美希から電話があったのは、部屋を出る口実に良いタイミングだったが、どうして自分に電話をかけてきたのか。まだ二十一時過ぎという早い時間なのに。
アリアの気は急いていたが、肝心のタクシーは雪が舞う中、スケ―トリンク状態になっている路面をのろのろと進んだ。
十五分後にと約束したが、結局、着いたのは三十分を過ぎていた。
「遅いじゃない」
「ごめん」
佐藤美希は待ち合わせの買い物公園沿いにあるドーナツ屋で、珈棑を飲んでいた。
アリアも紅茶をオーダーして受け取り、向かい合わせに座った。
「お見合い、うまくいった?」
「こんな時間に私がここにいてそう思う?」
「……だめだったの?」
美希は首を横に振ったのだが、それに反して沈んだ顔で、「彼から、付き合ってと言われたわ」と、答えた。
十無は……本気だ。
アリアは二人がうまくいくことを応援しているつもりだったが、十無が彼女を選んだという事実を聞かされて、顔がこわばってしまった。そして、口を硬く結んだアリアは、目線を彼女からはずし俯いてしまった。
動揺を隠しきれなかった。
「周ちゃん、どうして怖い顔をするの?」
「ごめん、なんでもない」
沸き起こった感情を打ち消すように、アリアは慌てて表情を笑顔に作り直し、「良かったね」と言った。
今更、何をそんなに慌てるのか。十無は彼女を選ぶ。それは、わかりきっていたことのはず。「アリア」は十無の選択肢には初めから入っていないのだから。十無の選択肢、自分もそこに並びたいのか。それを望んだところでどうなるのだ。もう考えない、そう決めたはず。
今まで深く仕舞い込んでいた感情が溢れ出す。アリアはそれを押さえきれなかった。
頭の中で自問自答を繰り返し、アリアはその気持ちを必死に否定した。
「でも、私、悩んでいるの」
美希の声でアリアは我に返った。
美希が目の前にいることさえ、アリアは忘れそうになっていたのだ。
彼女は今、なんと言ったのか。お見合いがうまくいったにしては彼女の様子がおかしい。
「どうして?」
アリアは思わず眉をひそめて美希に強い口調で返した。
あんなに思い続けていたようなことを言っていたのに。どうして悩まなければならないのだろうか。

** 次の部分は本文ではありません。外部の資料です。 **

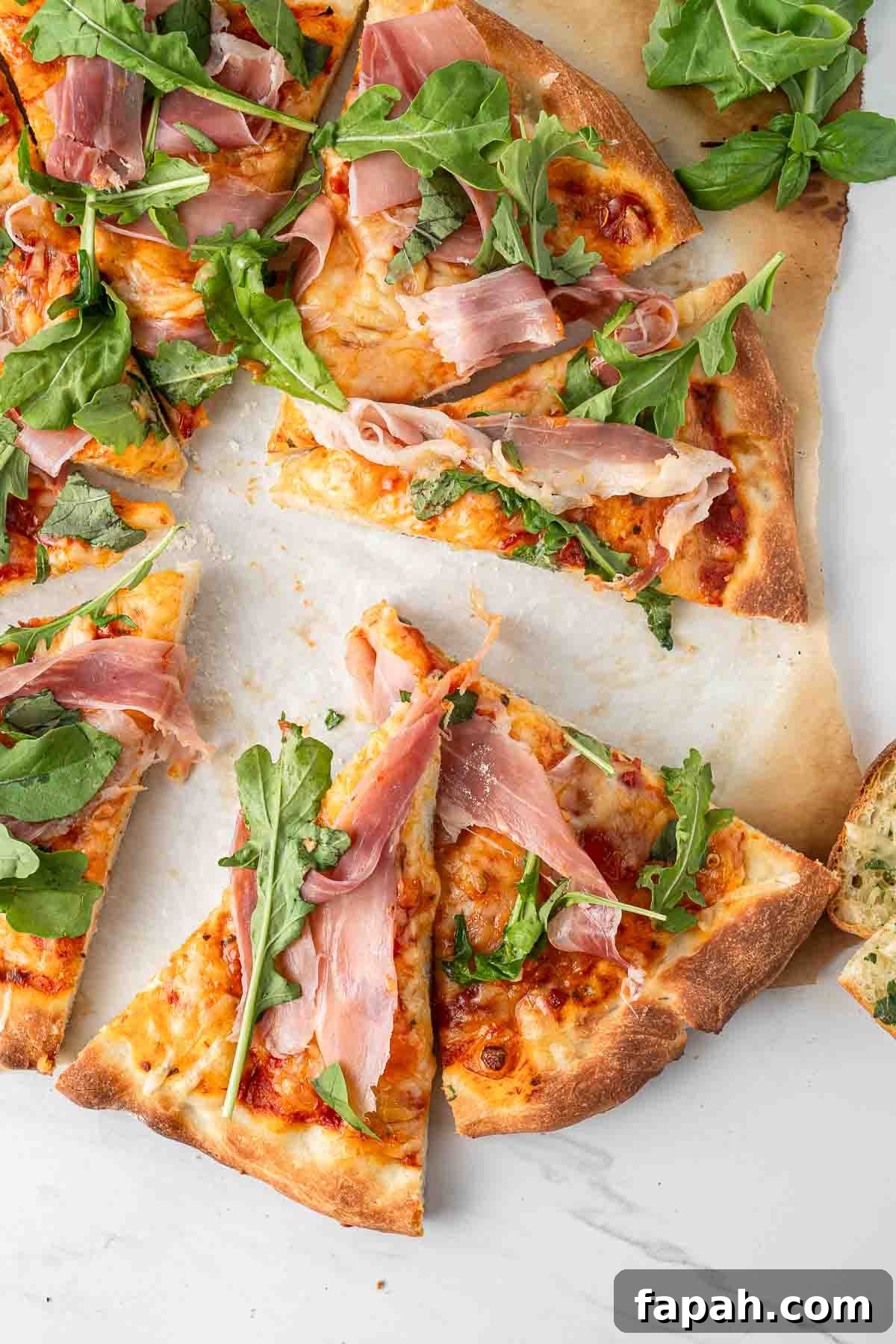 Prosciutto pizza with rocket and basil cut into slices.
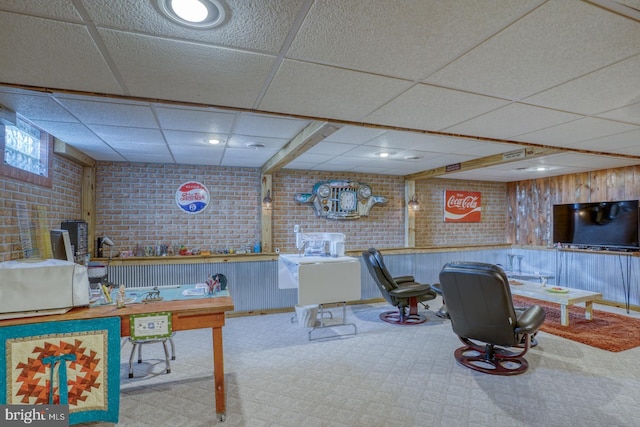 game room with recessed lighting, brick wall, a paneled ceiling, and carpet floors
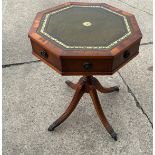 Reproduction leather topped drum table measures approx 26 inches tall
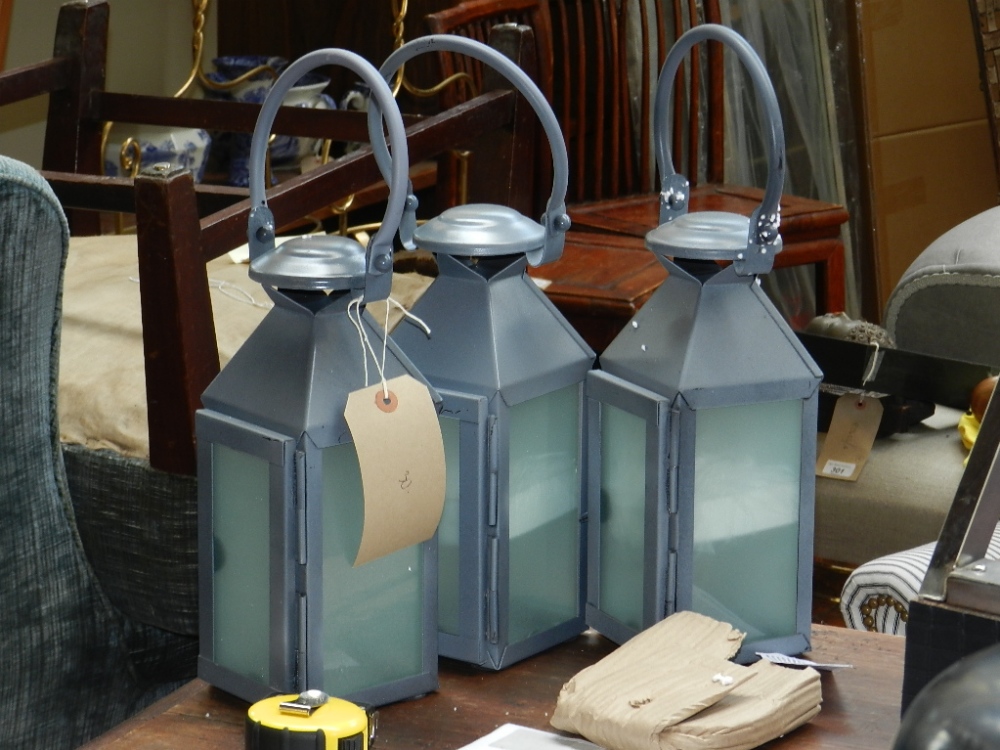 A set of three painted tin hanging lanterns, inset frosted glass plates.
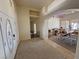 Bright entryway featuring tiled floors, decorative glass doors, and a view into the living space at 1771 Labrador St, Pahrump, NV 89048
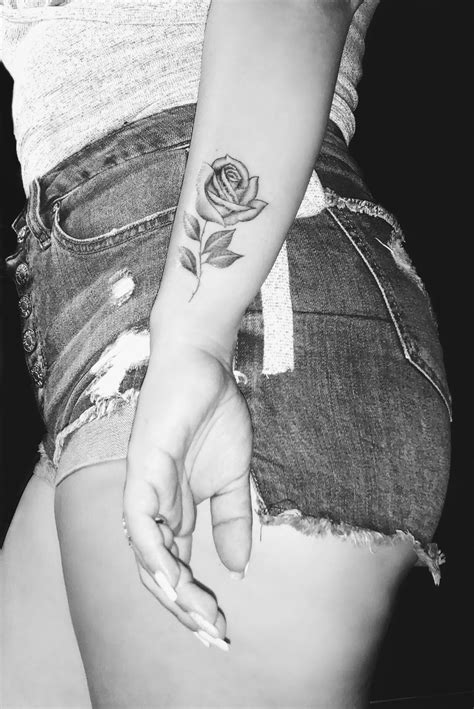 It could be your parents', friends', or someone you may have lost. Rose tattoo | Rose stem tattoo, Tattoos, Rose tattoo with name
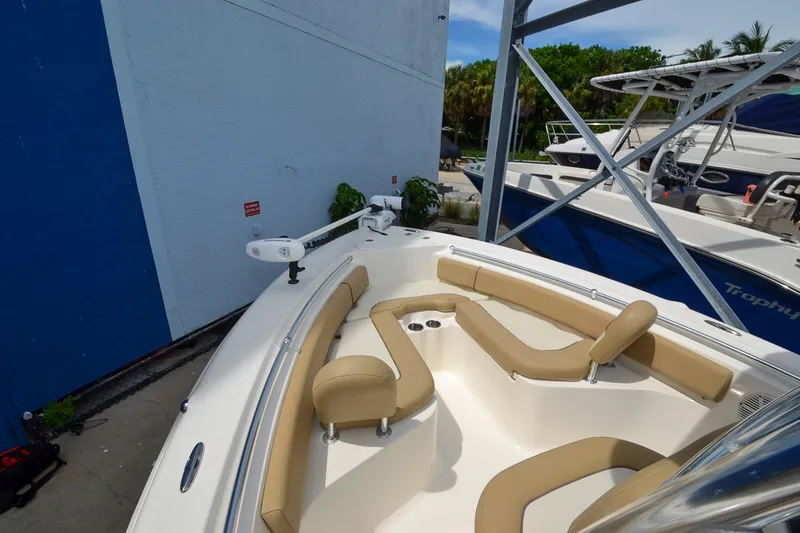 Slide: The Image of A 2018 Key West 219 FS boat with beige upholstery in the bow area, parked beside a building. - 29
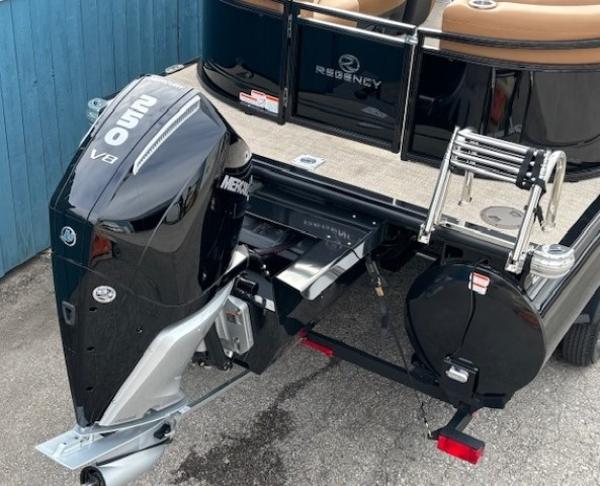 2025 Regency 230 LE3 boat with Mercury V8 outboard motor, rear view.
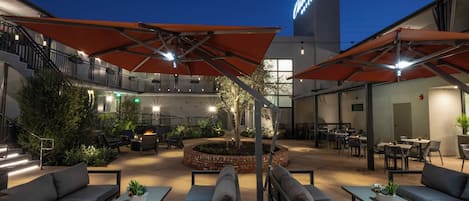 An outdoor patio area with seating, umbrellas, and a central fire feature.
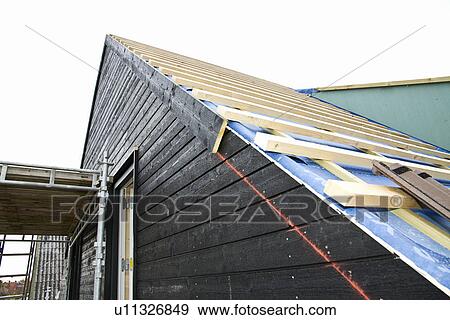 Stock Photo - Siding of building under construction. Fotosearch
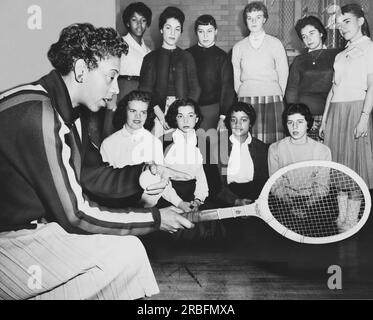 New York, New York: Dezember 1957 Althea Gibson, US- und Wimbledon-Tennismeisterin, gibt Schülern, die eine Tennisklinik an der Midwood High School in Brooklyn besuchen, einige Hinweise zum Spiel. Stockfoto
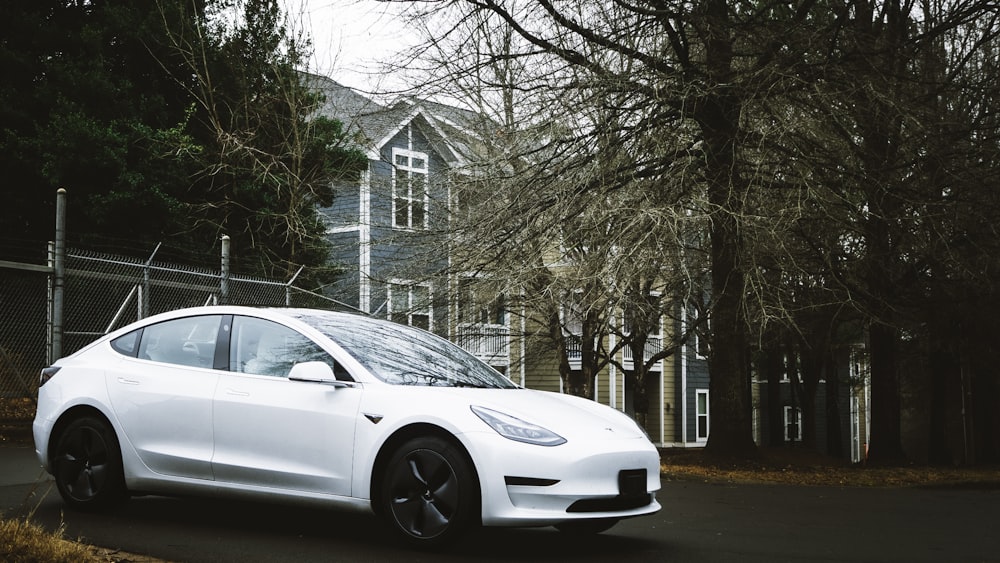 a white car parked in front of a house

折角、十無から良い返事をもらえたのに。自分だったら……自分だったら?
アリアは浮かんできた言葉に戸惑った。
「……東君のことは、きっと良い所だけ記憶に残って、理想化していたのね。会ってみたら何かが違った。でも、私からお見合いをお願いしていたし、そのことを言えなかった。それに……」
「それに?」
「……自分の気持ちに正直になるって難しい。周ちゃんは、きっとそんな悩みなんてないのでしょう?」
「いいえ、僕はいつも悩んでばかり。自分の気持ちさえも本当のものなのか、わかりかねている。今の生活を投げうって恋に飛び込むことができない、自分が変わるのが怖い臆病者でしかない」
アリアはそう言って、硬い表情のまま俯き、空になったティーカップを弄んで自嘲した。
アリアは自分でも不思議なくらいすらすらと気持ちを言い表せた。アリアは声に出すことで、改めて自分の気持ちを知ったのだった。
美希はアリアの憂いた表情を見つめ、瞳にかかる、男にしては長い睫毛に目を奪われていた。
アリアが美希の視線に気づいて顔を上げた。目が合った美希は、微笑んだ。
二人が付き合うことを知ったアリアには、気持ちの余裕はなく、美希のその微笑の意味に気がつくことはできなかった。